/image-analysis

Primary LanguageC#GNU General Public License v3.0GPL-3.0

DataCore Bot

Discord / Reddit bot for Star Trek Timelines, using image recognition and OCR to parse behold / voyage screenshots as well as provide crew, items and dilemma information.

Help needed

If you want to see the bot improve or just want to practice some coding skills, please consider submitting a PR. If you don't have ideas for what to work on, pick from this list of known issues / TODOs:

  • Use Discord.Net commands instead of manually parsing input
  • Improve edge case recommendations (when all 3 crew are same tier, when one or two are FF, etc.)
  • Use Tesseract OCR on the Behold images to distinguish between crew states (Not owned vs. Frozen - needs to work on all supported languages like German, Spanish, etc.)
  • Improve "best" search (support for variable number of skills, etc.)
  • Improve fuzzy search (Levenshtein, etc.) to identify common misspells
  • Try to detect screenshots that include a Windows titlebar (Windows 10 app or Steam) and strip it out to improve recognition
  • Investigate / experiment with using different Feature Detector algorithms with different settings to get better accuracy for smaller descriptor matrix size (reduce RAM usage, increase perf)
  • Upgrade to .NET Core 3.0 once dependencies are available
  • Localization support
  • Add proper publish scripts / documentation, with optional Docker support (and sharding for better scaling)
  • More tests, comments and documentation

Setup

Windows

All dependencies should come via NuGet, no custom builds necessary.

Linux

This was tested on x64 Ubuntu 18.04.

OpenCV

See instructions here. Build opencv with OPENCV_ENABLE_NONFREE

~/opencv/build$ cmake -D CMAKE_BUILD_TYPE=RELEASE -D CMAKE_INSTALL_PREFIX=/usr/local -D INSTALL_C_EXAMPLES=ON -D WITH_TBB=ON -D WITH_V4L=ON -D WITH_QT=ON -D WITH_OPENGL=ON -D OPENCV_EXTRA_MODULES_PATH=../../opencv_contrib/modules -D BUILD_EXAMPLES=ON .. -DENABLE_PRECOMPILED_HEADERS=OFF -DOPENCV_ENABLE_NONFREE=ON

[7/5] Building with OpenCV 4.3 from source

git clone https://github.com/shimat/opencvsharp.git

manually edit \opencvsharp\src\OpenCvSharpExtern\xfeatures2d.h and replace xfeatures2d::SIFT with SIFT

mkdir build && cd build
cmake ..
make -j8
sudo make install
sudo ldconfig

Remove the runtime reference from the csproj here.

Tesseract OCR

Build and install Leptonica (this particular tag which is compatible with the NuGet library)

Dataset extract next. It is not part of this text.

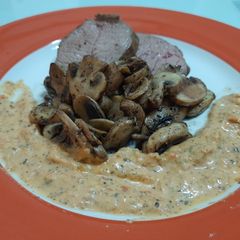 Steak with mushroom and creamy tomato sauce A picture of Steak with mushroom and creamy tomato sauce.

git clone https://github.com/DanBloomberg/leptonica.git
cd leptonica
git checkout 1.75.3
mkdir build
cd build
cmake ..
make
sudo make install

Build and install Tesseract

git clone https://github.com/tesseract-ocr/tesseract.git
cd tesseract
git checkout 3.05
./autogen.sh
./configure
make
sudo make install
sudo ldconfig

Symlink the built libraries in your deployment location. For example:

cd datacore-behold/src/DataCore.CLI/bin/Debug/netcoreapp2.1/x64
ln -s /usr/local/lib/libtesseract.so.3.0.5 libtesseract3052.so
ln -s /usr/local/lib/libleptonica.so.1.75.3 liblept1753.so

Build

First, clone the repo to your machine; clone it in the same folder as the main DataCore repo for best default configration:

git clone https://github.com/TemporalAgent7/datacore-behold.git
cd datacore-behold

To install and build, go to the folder where you cloned the repo and run:

dotnet restore
dotnet build

To train crew descriptors:

cd src/DataCore.CLI
dotnet run train --noimages <path_to_datacore>

Deployment

TODO More details

Configuration

There are a few options that need to be set up for the bot to connect to Discord and/or Reddit in /src/DataCore.Daemon/appsettings.json ; specifically:

  • DISCORD_TOKEN: the discord application token
  • REDDIT_CLIENT_ID, REDDIT_CLIENT_SECRET, REDDIT_REFRESH_TOKEN: authentication tokens for reddit; you can use the /src/DataCore.Daemon/prawtoken.py script to get these values for your reddit bot account.

Publish and deploy

You need to run the daemon, preferrably with an auto-restarting process monitor like PM2. Something like this will work (this runs the debug build by default, which is not what you want in a real deployment scenario):

dotnet build
cd src/DataCore.Daemon/
pm2 start "dotnet run" --name "DataCoreBot"

License

This code is released under the GPLv3 open source license. See the LICENSE file or this plain english TLDR for details.